先日のブログで紹介した奈良の和菓子の名店「千壽庵吉宗」の店主、山本哲也さんから経営方針を教えていただきました。
穏やかを創ろう――このひと言に山本さんが目指す商いの姿があることを知りました。
同店の看板商品はわらびもち。
その品質とおいしさを裏づけているのが、実は次に紹介する「志」なのです。
千壽庵吉宗が目指すのは、お菓子を通じて人々に「穏やかな幸せ」を提供することです。
お店に入った瞬間やお菓子を食べた瞬間、こころがふっと穏やかになるような商品、店舗、おもてなしを目指しています。
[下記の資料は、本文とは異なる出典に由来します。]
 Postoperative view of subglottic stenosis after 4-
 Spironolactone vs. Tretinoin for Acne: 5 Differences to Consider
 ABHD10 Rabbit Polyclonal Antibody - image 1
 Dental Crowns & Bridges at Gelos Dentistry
同時に、ここで働く社員一人ひとりも、穏やかな人であってほしいと願っています。
このとき、穏やかとは何を指すのでしょうか。
千壽庵吉宗では、こう定義しています。
穏やかなお店
(非日常にいるような気持になれるお店)
穏やかなお菓子
(いつ食べても同じ品質、同じ商品)
穏やかな人たち
(やるべきことを自分で考え行動する)
穏やかなサービス
(お客様のペースやニーズに合わせたサービス)
家に帰って穏やか
(ほっとする時間を創る)
ご覧のように、店や商品・サービスはもちろん、そこで働く仲間、その先にある家庭にまで“穏やか”を実現する対象としています。
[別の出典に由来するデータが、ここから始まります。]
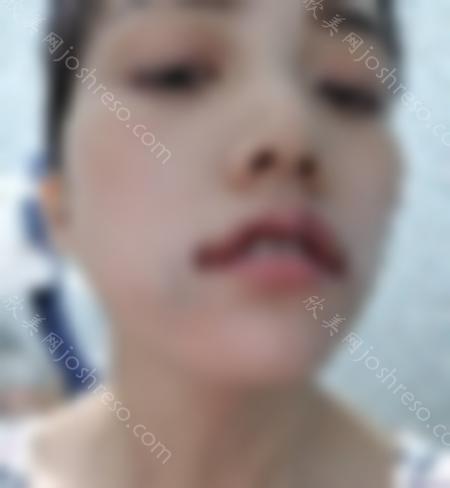 找杭州维多利亚整形医院的柳兆峰做的M唇+嘴角上扬手术后2天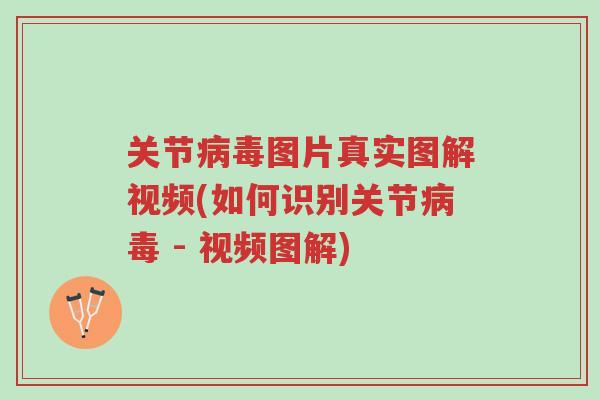 关节病毒图片真实图解视频(如何识别关节病毒 - 视频图解)-第1张图片-超越 关节病毒图片真实图解视频(如何识别关节病毒 - 视频图解)-第1张图片-超越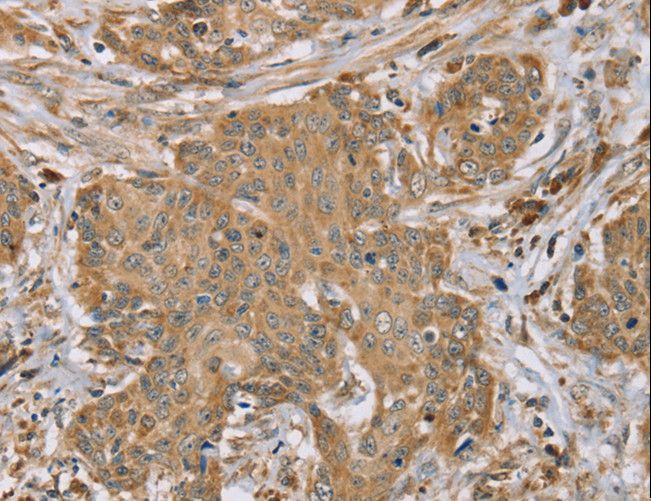 RNF148 Antibody - Immunohistochemistry of paraffin-embedded Human cervical cancer using RNF148 Polyclonal Antibody at dilution of 1:45.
では、どのように穏やかを創ろうとしているのでしょうか。
千壽庵吉宗では、次の3つを行動指針として掲げています。
①「ありがとう」と言われる仕事をしよう
商いの本質とは「ありがとう」の交換にあります。
自分と同じように大切な存在であるお客様や仲間を、自分と同じように大切にすることからしか「ありがとう」は生まれません。
相手の心をおもんぱかり、相手の気持ちに寄り添い、「いま自分に何ができるか」を見極めることが「ありがとう」の源泉です。
②2つの「わ」を創る
人々が集う「輪」と、心がすっと穏やかになる「和」、この2つの「わ」を創ることを、同店では行動指針に掲げています。
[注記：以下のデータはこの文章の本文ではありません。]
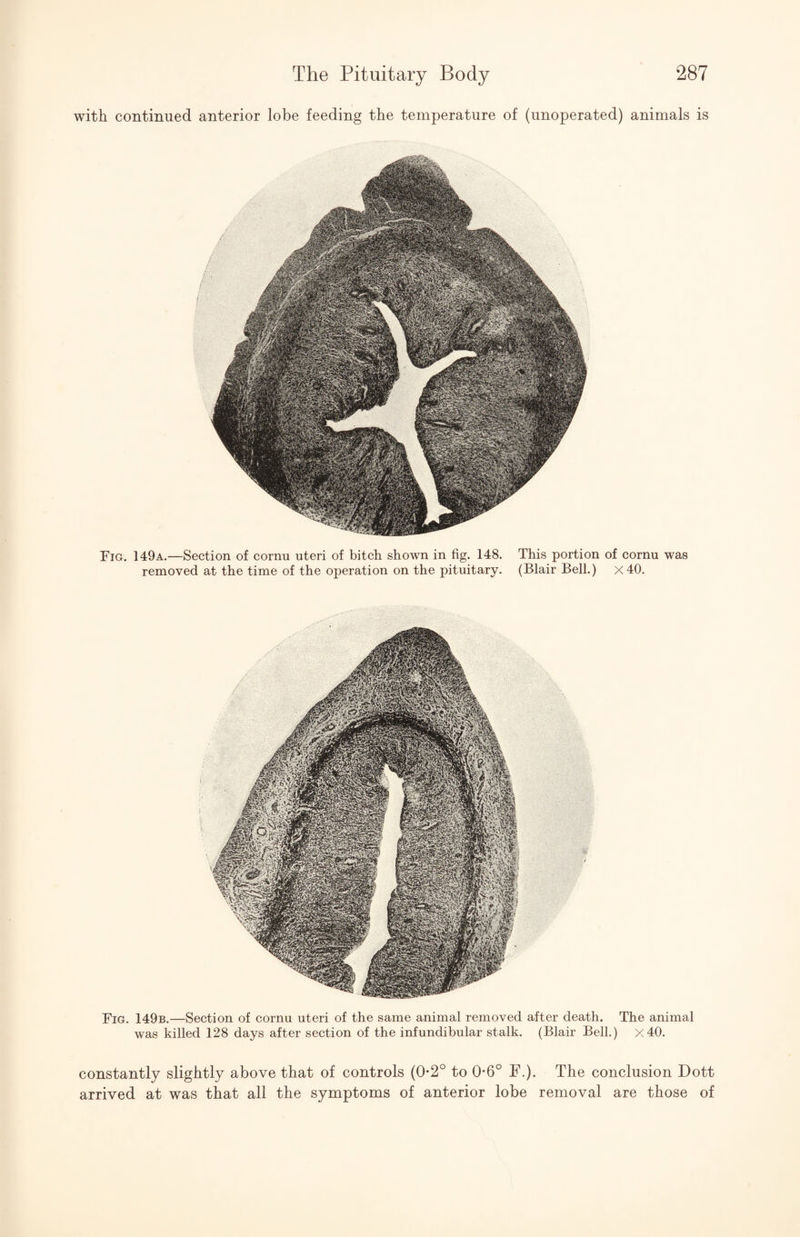 with continued anterior lobe feeding the temperature of (unoperated) animals is Fig. 149a.—Section of cornu uteri of bitch shown in fig. 148. This portion of cornu was removed at the time of the operation on the pituitary. (Blair Bell.) x40. Fig. 149b.—Section of cornu uteri of the same animal removed after death. The animal was killed 128 days after section of the infundibular stalk. (Blair Bell.) x40. constantly slightly above that of controls (0-2° to 0*6° F.). The conclusion Dott arrived at was that all the symptoms of anterior lobe removal are those of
和があるから輪になれるし、輪があるところに和があります。
商いの役割とは関わる人たちを幸せにし、未来をより良くしていくところにあります。
そのためにも、この2つの「わ」は欠かせません。
③一流とは減点されないこと
こうした「志」に命を吹き込み、形とするためには、行動が伴わなくてはなりません。
掲げる「志」の純度が高ければ高いほど、行動にもその純度が求められます。
純度とは他を圧倒する力量であり、己に対する厳しさです。
わが店がお客様に選ばれる理由は何か――あらゆる段階で、この問いかけが大切です。
こうした行動指針を掲げる店主、山本哲也さん。
彼がもっとも自分に厳しく、人に優しい人物です。
これからもますますのご研鑽を、多くのお客様が期待していることでしょう。
またうかがえるときを楽しみにしています。
商業界草創期の指導者、岡田徹が遺した文章「母親の心」を贈ります。
お菓子屋さんの仕事は
一袋のお菓子に
おかあさんのこころを
そえてあげること
夕げのさとのだんらんの一とき
まるまると肥えた子らの顔をみつめて
生きることの喜びを思う人たちに
力一杯手を握ってあげようよ
あなたのお店で
ふと母親の愛情を思う
そういうお店になろうよ
山本さんのお店に伺ったとき、私がか思い出していたのが、この岡田の一文でした。